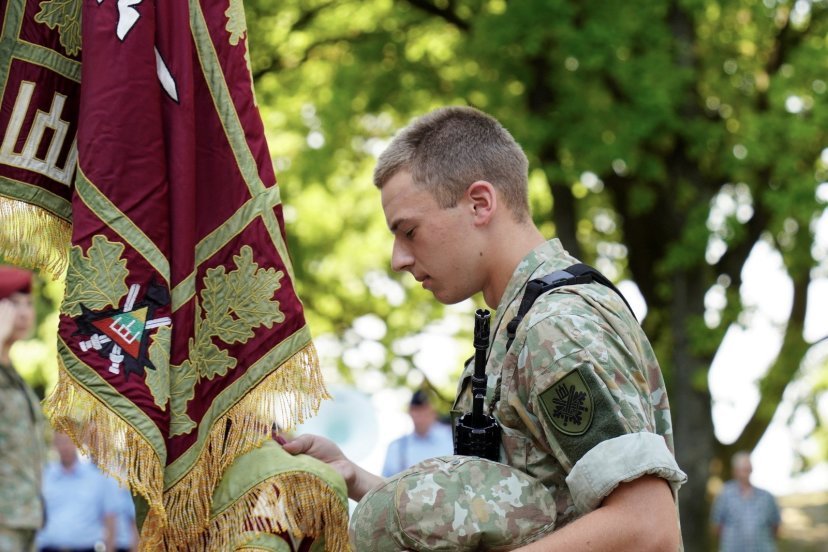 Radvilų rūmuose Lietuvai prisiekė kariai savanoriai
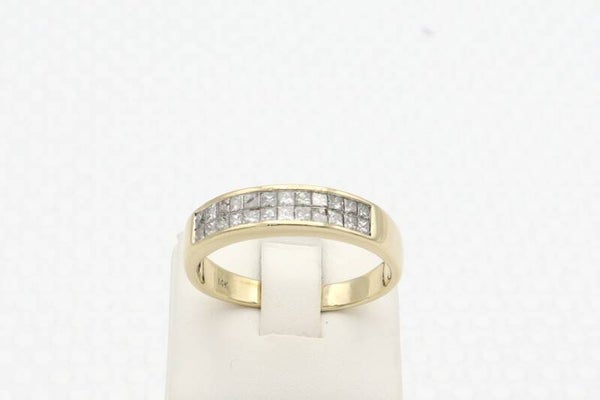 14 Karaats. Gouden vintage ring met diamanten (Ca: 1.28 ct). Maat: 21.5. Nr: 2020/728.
--
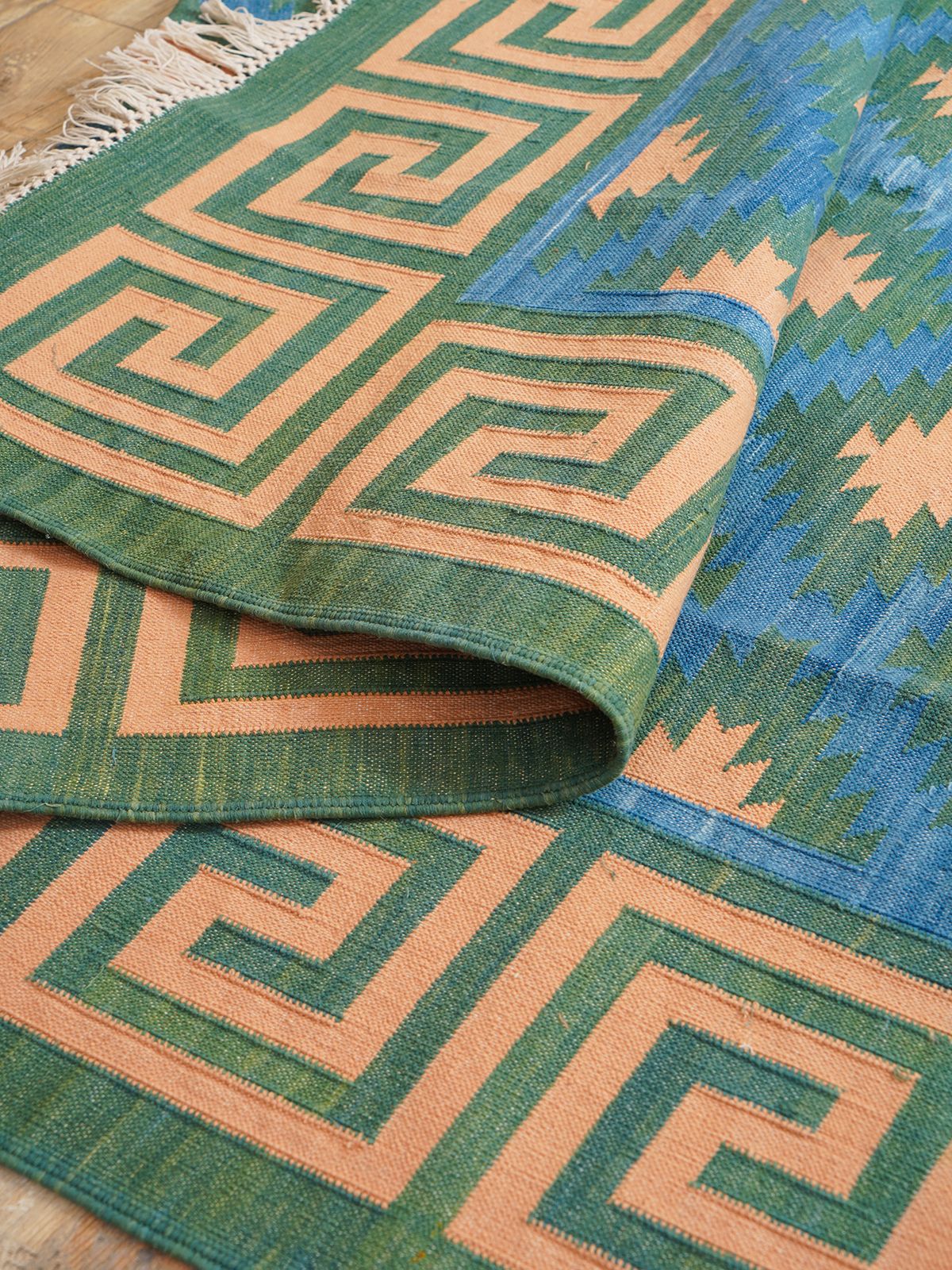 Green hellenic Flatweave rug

→ **Instructions for the task**
Restate the lines above from the one containing "Radvilų rūmuose Lietuvai" through the one containing "14 Karaats. Gouden", inclusive, exactly and without pictures.

→ **Output below**
 Radvilų rūmuose Lietuvai prisiekė kariai savanoriai
 14 Karaats. Gouden vintage ring met diamanten (Ca: 1.28 ct). Maat: 21.5. Nr: 2020/728.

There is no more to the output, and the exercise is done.